Activity
The whole listing should come back exactly as written, except for the pictures.

Data block
________

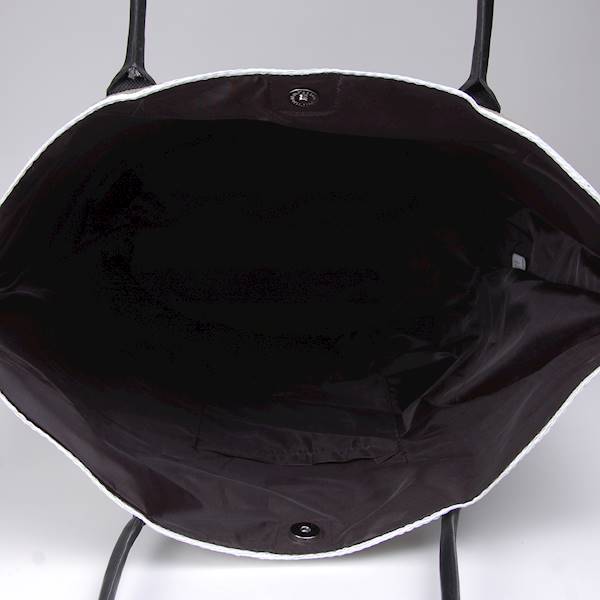torba damska CORVET BB7014-18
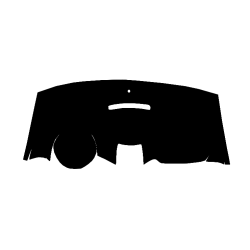 ΚΑΛΥΜΜΑ ΤΑΜΠΛΟ FORD FIESTA MK6 FACELIFT 2013>2017 RACE AXION - 1TEM-Race Axion-ΚΤ.15287-RX ΚΑΛΥΜΜΑ ΤΑΜΠΛΟ FORD FIESTA MK6 FACELIFT 2013>2017 RACE AXION - 1TEM-Race Axion-ΚΤ.15287-RX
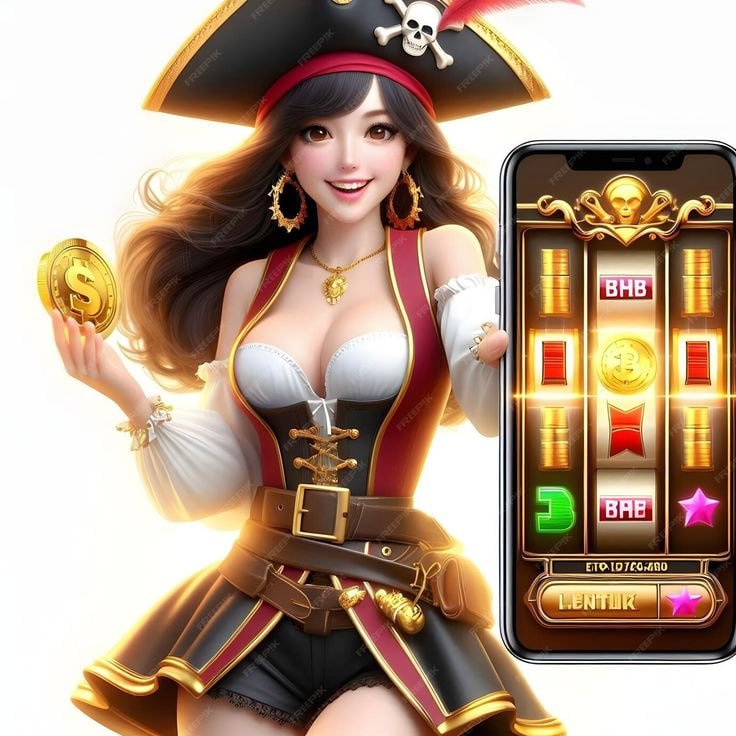 bingo patti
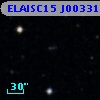 ELAISC15 J003312-423916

________

Final answer
torba damska CORVET BB7014-18
 ΚΑΛΥΜΜΑ ΤΑΜΠΛΟ FORD FIESTA MK6 FACELIFT 2013>2017 RACE AXION - 1TEM-Race Axion-ΚΤ.15287-RX ΚΑΛΥΜΜΑ ΤΑΜΠΛΟ FORD FIESTA MK6 FACELIFT 2013>2017 RACE AXION - 1TEM-Race Axion-ΚΤ.15287-RX
 bingo patti
 ELAISC15 J003312-423916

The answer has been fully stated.